Provide students with two problems: 1) 15.32 + 4.8 and 2) 20.05 - 7.6. Ask students to solve both problems and write one sentence explaining why they aligned the decimal points in the way they did for each problem.

Quick Check

Display a decimal grid model showing the addition of 0.7 + 0.5. Ask students to write the corresponding equation and the sum. Then, ask them to explain how the visual model demonstrates regrouping 10 tenths into 1 whole.

Discussion Prompt

Pose the question: 'Imagine you need to add 12.50 and 3.75. Which strategy do you find more efficient: using base-ten blocks or using the standard algorithm? Explain your reasoning, focusing on how place value is maintained in both methods.'

Frequently Asked Questions

Why do you line up decimal points when adding and subtracting decimals?
Decimal addition and subtraction require combining like units. Tenths go with tenths, hundredths with hundredths. Aligning decimal points ensures each digit is stacked above or below a digit of the same place value. Misaligning by even one column means combining units of different sizes, which produces an incorrect result regardless of how carefully the arithmetic is done.
How do you add or subtract decimals with different numbers of decimal places?
Add trailing zeros so both numbers have the same number of decimal places. For 5.72 minus 3.4, write 3.4 as 3.40. This does not change 3.4's value but makes the column structure explicit. Then proceed as with whole number subtraction, regrouping when needed. Remove trailing zeros from the answer if they fall after the last significant decimal digit.
What real-world situations require adding and subtracting decimals?
Money calculations are the most common for US fifth graders: totaling prices, calculating change, splitting bills. Athletes' race times are recorded in hundredths of a second. Scientific measurements use decimal notation routinely.
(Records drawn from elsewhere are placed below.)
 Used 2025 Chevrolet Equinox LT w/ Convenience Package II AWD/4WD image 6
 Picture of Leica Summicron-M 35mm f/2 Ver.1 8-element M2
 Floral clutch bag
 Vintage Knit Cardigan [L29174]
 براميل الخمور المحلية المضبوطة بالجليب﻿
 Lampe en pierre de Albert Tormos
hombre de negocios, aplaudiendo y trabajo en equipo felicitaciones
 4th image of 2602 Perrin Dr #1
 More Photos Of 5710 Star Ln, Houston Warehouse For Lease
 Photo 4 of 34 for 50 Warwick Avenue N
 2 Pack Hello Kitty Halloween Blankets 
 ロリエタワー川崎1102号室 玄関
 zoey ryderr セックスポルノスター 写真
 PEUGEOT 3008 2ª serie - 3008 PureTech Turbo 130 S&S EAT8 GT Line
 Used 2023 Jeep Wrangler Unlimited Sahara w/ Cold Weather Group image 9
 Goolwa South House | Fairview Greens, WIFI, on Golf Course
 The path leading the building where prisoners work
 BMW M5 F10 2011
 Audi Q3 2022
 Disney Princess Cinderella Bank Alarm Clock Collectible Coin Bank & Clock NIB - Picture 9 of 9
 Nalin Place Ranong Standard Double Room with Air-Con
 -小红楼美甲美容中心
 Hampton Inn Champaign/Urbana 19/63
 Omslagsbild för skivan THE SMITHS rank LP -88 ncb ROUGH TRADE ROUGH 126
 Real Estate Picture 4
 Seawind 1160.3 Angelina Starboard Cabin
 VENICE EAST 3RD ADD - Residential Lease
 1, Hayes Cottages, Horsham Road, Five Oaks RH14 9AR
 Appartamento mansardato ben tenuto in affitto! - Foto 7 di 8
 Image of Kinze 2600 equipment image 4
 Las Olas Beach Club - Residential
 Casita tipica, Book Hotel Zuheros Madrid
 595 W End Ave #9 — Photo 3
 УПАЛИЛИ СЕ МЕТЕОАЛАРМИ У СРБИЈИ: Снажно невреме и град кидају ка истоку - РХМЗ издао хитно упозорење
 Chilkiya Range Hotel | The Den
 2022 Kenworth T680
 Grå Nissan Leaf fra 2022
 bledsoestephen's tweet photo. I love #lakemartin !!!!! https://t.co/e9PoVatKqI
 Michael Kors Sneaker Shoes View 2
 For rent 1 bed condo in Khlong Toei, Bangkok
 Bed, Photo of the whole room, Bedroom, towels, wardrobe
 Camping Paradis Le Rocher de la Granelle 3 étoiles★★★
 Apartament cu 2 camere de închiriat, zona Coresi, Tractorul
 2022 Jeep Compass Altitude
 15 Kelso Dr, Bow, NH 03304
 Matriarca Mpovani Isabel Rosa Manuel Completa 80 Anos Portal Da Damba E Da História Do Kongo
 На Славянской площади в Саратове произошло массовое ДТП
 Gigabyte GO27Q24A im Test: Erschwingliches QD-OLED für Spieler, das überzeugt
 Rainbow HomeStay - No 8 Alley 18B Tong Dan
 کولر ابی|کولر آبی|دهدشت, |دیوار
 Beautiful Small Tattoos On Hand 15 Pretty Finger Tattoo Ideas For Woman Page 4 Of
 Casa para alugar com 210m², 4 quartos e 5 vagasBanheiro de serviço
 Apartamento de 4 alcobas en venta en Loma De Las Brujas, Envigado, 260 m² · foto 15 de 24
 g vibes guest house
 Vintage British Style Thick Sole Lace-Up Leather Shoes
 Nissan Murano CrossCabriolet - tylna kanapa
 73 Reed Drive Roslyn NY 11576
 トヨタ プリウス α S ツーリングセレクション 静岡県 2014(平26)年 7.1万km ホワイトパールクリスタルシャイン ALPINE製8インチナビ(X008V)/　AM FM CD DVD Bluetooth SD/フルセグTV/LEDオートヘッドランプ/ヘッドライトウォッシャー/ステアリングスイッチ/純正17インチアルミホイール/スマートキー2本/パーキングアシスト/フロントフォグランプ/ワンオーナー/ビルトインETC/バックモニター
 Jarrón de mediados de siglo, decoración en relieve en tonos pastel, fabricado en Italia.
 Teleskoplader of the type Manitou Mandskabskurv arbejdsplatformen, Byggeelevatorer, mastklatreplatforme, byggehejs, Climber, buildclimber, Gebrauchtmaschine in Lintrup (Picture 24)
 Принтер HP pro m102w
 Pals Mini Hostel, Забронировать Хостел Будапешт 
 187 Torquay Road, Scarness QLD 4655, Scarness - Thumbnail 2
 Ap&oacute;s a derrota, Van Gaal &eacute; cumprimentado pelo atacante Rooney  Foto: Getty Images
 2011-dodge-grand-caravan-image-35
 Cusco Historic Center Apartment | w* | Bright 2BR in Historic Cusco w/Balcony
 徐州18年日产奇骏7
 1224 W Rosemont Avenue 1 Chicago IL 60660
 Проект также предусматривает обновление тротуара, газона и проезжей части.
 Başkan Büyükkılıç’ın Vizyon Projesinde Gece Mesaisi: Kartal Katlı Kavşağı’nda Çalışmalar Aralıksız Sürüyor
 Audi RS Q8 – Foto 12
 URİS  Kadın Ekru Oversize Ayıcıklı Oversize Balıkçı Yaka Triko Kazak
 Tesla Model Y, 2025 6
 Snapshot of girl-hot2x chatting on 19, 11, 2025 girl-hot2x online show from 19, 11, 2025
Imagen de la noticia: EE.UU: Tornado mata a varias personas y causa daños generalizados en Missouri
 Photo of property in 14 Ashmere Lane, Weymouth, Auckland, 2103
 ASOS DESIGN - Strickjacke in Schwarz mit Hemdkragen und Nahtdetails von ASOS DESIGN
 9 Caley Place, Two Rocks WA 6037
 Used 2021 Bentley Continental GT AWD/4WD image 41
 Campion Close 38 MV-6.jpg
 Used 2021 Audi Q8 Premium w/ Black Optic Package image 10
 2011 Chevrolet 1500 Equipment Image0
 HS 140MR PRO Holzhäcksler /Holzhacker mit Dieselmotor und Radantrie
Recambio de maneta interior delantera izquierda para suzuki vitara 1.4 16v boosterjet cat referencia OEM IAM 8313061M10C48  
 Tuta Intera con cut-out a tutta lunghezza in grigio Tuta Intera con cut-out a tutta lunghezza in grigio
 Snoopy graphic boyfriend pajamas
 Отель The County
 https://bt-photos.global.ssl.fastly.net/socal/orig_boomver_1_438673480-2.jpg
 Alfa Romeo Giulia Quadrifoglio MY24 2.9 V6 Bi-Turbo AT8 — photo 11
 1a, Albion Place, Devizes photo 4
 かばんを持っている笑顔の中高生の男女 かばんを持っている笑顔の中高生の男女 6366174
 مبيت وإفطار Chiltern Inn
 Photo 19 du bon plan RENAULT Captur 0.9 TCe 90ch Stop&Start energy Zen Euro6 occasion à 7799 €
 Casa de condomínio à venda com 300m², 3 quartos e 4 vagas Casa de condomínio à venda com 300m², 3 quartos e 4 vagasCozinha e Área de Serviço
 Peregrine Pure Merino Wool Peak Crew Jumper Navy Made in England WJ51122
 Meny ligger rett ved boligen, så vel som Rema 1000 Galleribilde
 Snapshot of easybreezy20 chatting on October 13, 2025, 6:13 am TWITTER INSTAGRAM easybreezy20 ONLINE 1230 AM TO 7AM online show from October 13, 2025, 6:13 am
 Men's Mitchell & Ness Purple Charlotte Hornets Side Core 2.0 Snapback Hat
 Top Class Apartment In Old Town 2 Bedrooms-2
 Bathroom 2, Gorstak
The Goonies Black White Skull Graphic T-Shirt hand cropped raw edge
Students who are fluent with decimal operations can interpret and compute with measurements, prices, and statistics they encounter in everyday life.
How does active learning help students with decimal addition and subtraction?
Decimal alignment errors are consistent and easy to miss when working alone. Partner error-checking and gallery walk activities that ask students to find misalignment mistakes expose the most common procedural errors in a low-stakes way. Students who explain to a partner why the decimal must align are far less likely to repeat the error than students who simply receive the correction from a teacher.